- PROBLEM -
Set the data down exactly as it stands, and keep its pictures out.

- DATASET EXCERPT -
+++
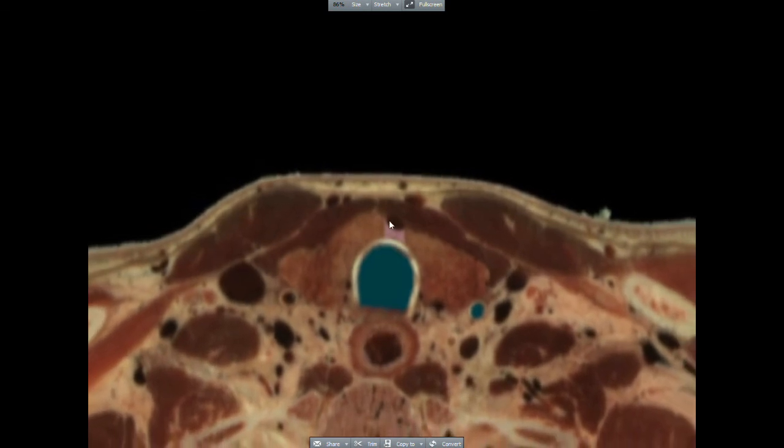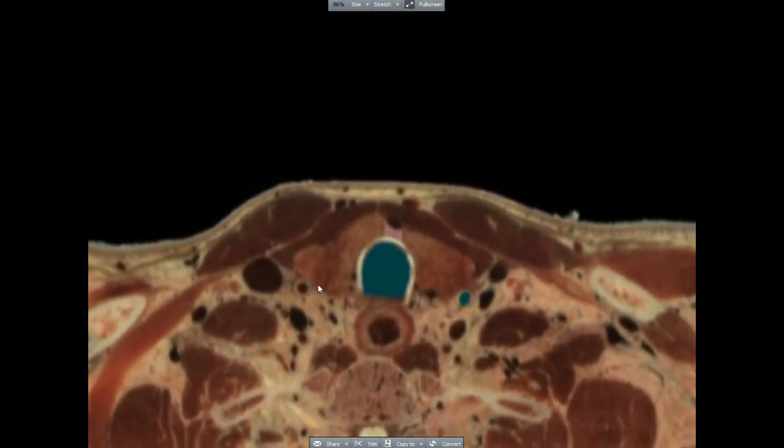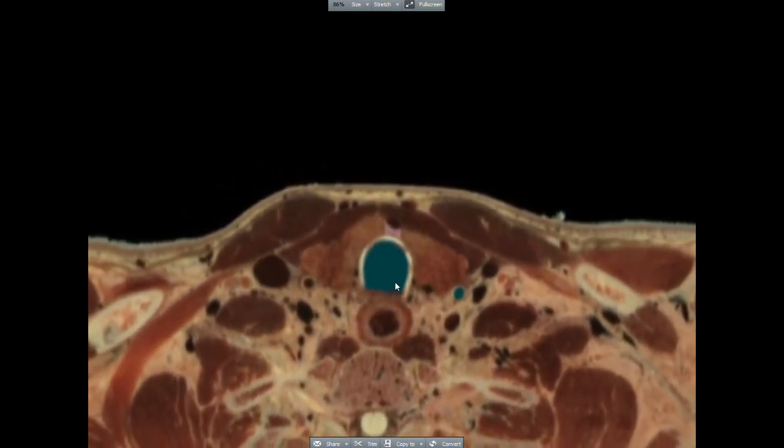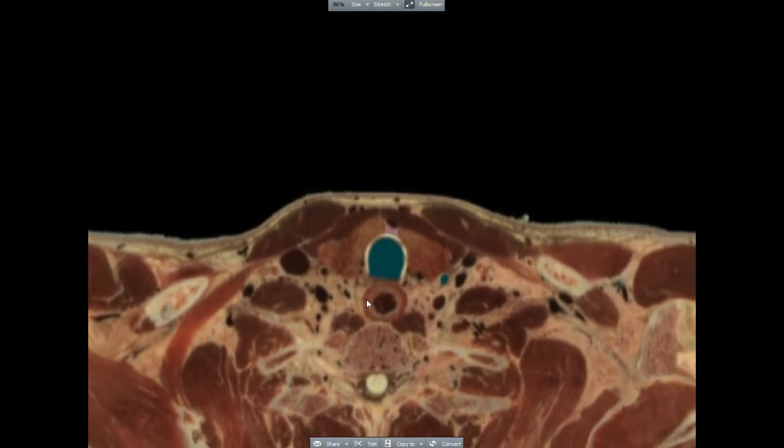Here, the final VH Dissector image shows the relationships of the trachea to the esophagus, left and right lobes. Thank you very much.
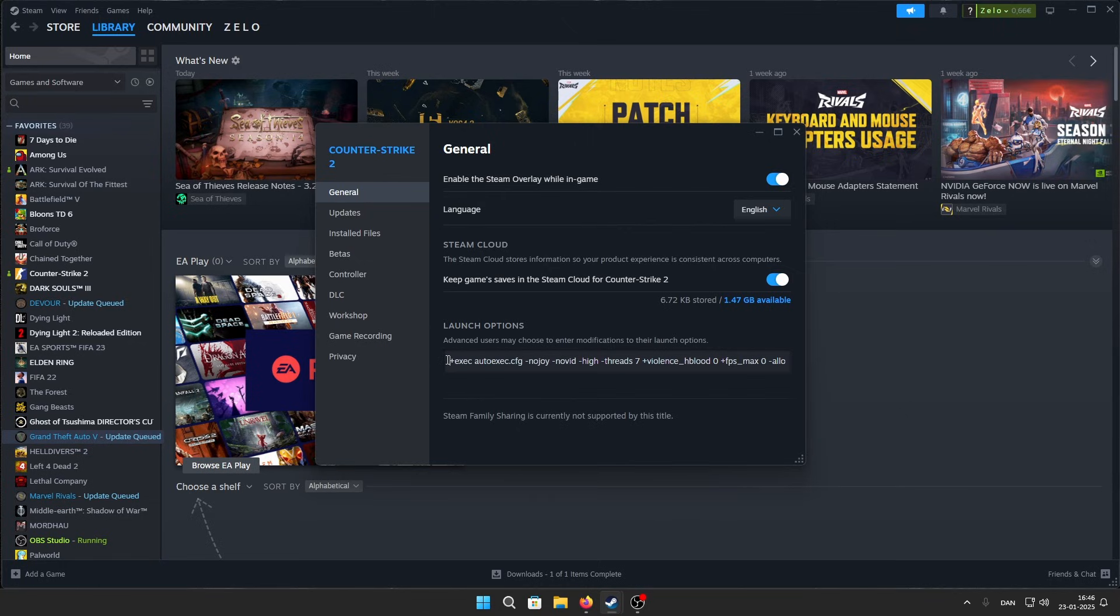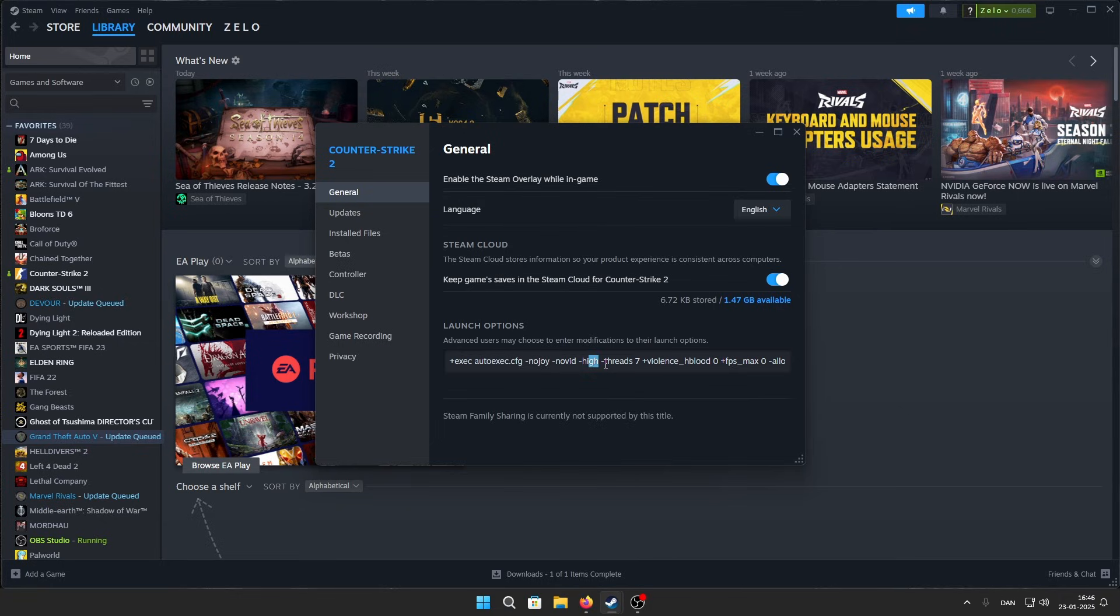The first one is +exec autoexec.cfg. Then -nojoy -novid. For threads, you'll need to type plus one for how many cores your CPU has. So if your CPU has 6 cores, you'll type 7, and if it has 12, you'll type 13.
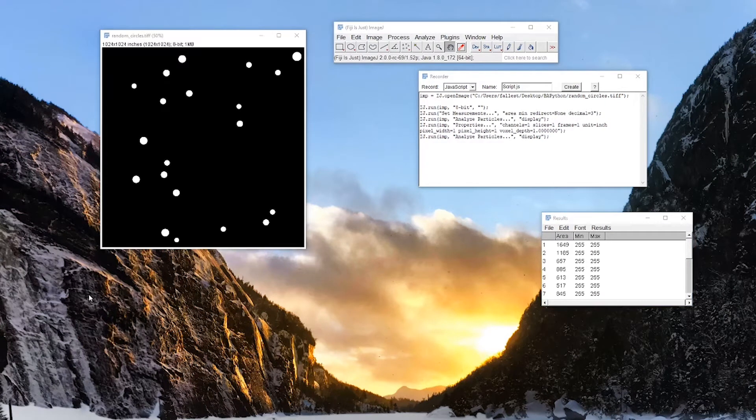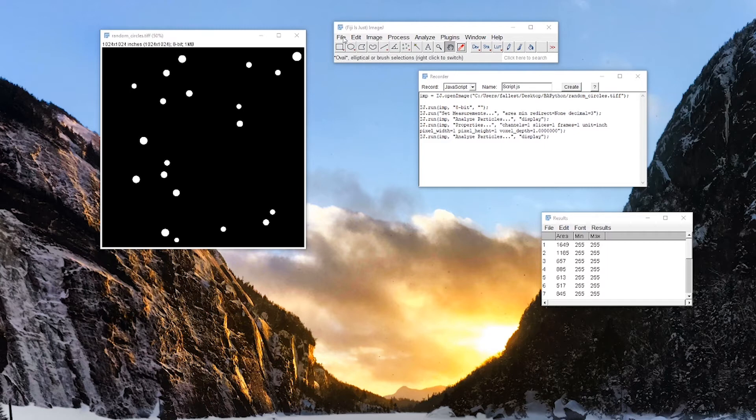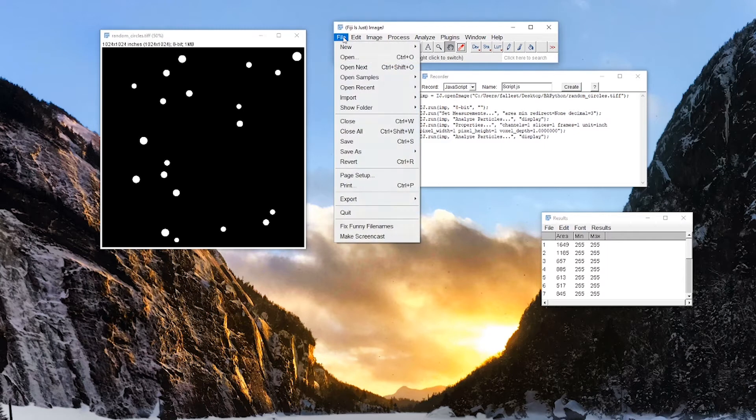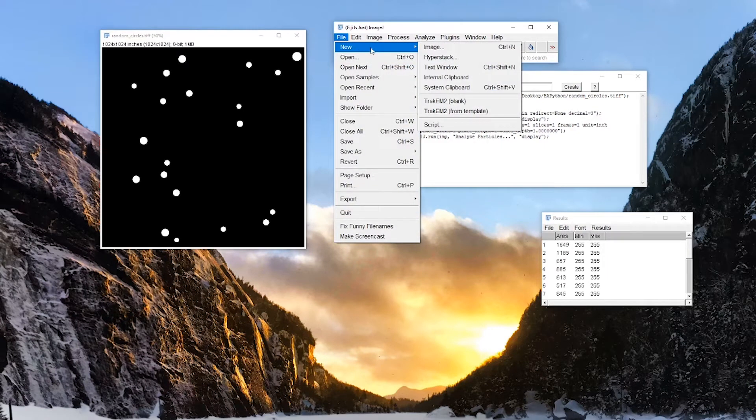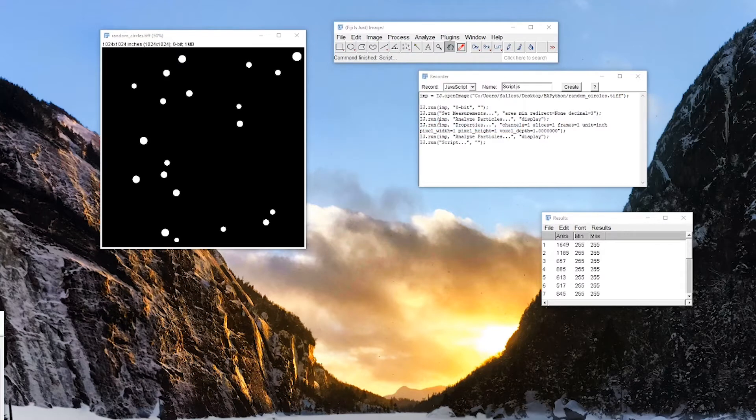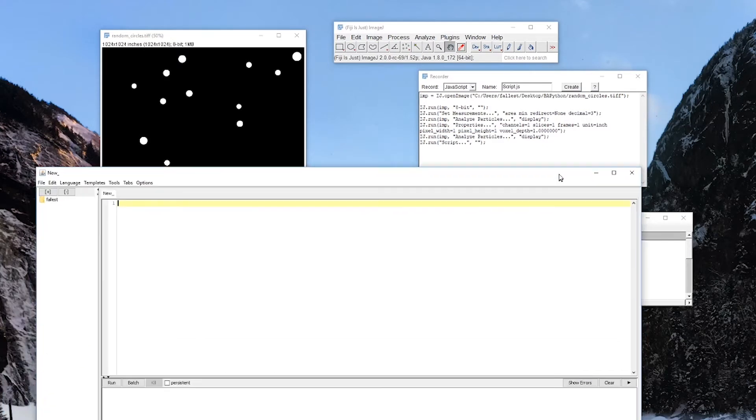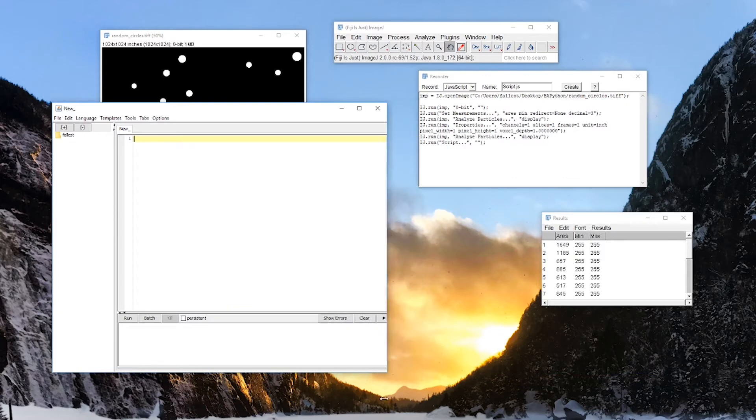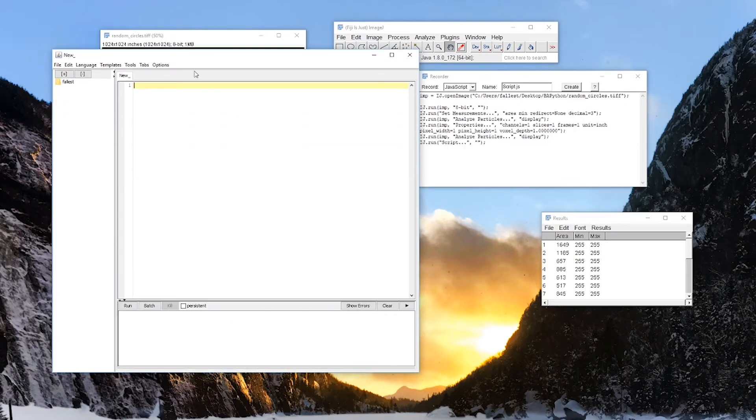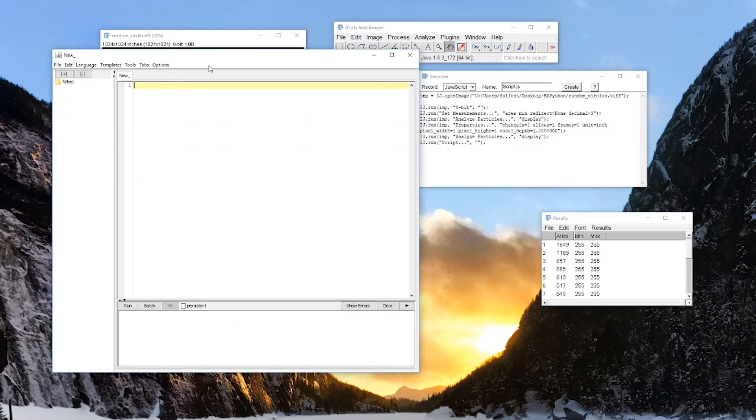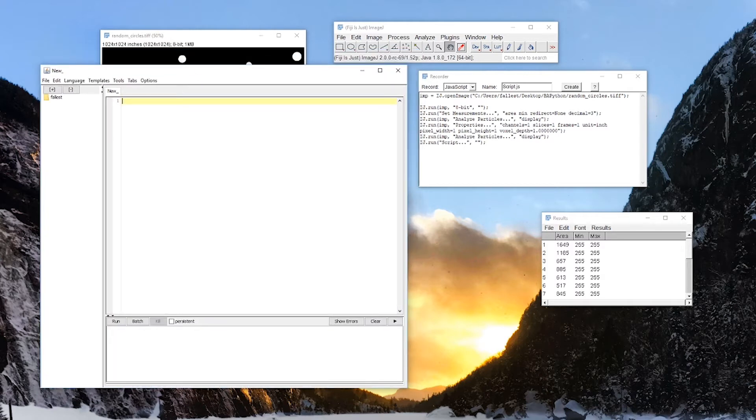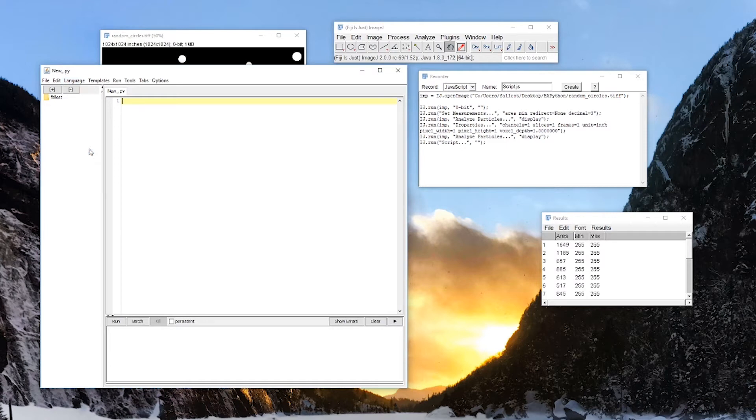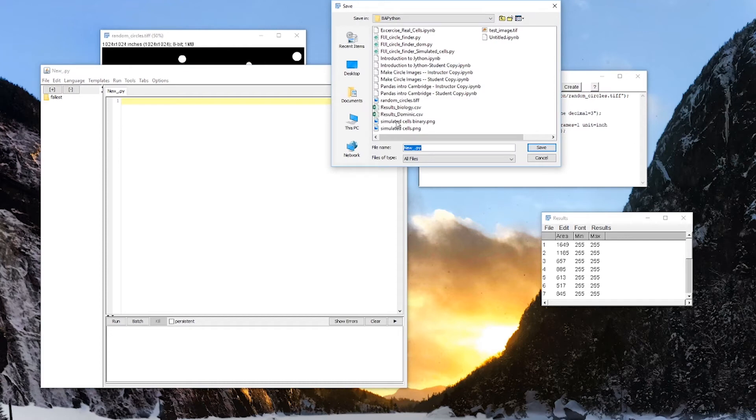So you can write a Python script for Fiji in any text editor, Python editor. But within Fiji, there is a script editor. And here it is. Let's resize this a little bit, make our life easier. So let's take a look at what we need. Well, to start off with, first thing I'm going to do is go up to here, language, and we're going to call this Python, because that's what we're programming in. Then we can save this.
+++
- ANSWER TO THIS EXERCISE -
Here, the final VH Dissector image shows the relationships of the trachea to the esophagus, left and right lobes. Thank you very much.
The first one is +exec autoexec.cfg. Then -nojoy -novid. For threads, you'll need to type plus one for how many cores your CPU has. So if your CPU has 6 cores, you'll type 7, and if it has 12, you'll type 13.
So you can write a Python script for Fiji in any text editor, Python editor. But within Fiji, there is a script editor. And here it is. Let's resize this a little bit, make our life easier. So let's take a look at what we need. Well, to start off with, first thing I'm going to do is go up to here, language, and we're going to call this Python, because that's what we're programming in. Then we can save this.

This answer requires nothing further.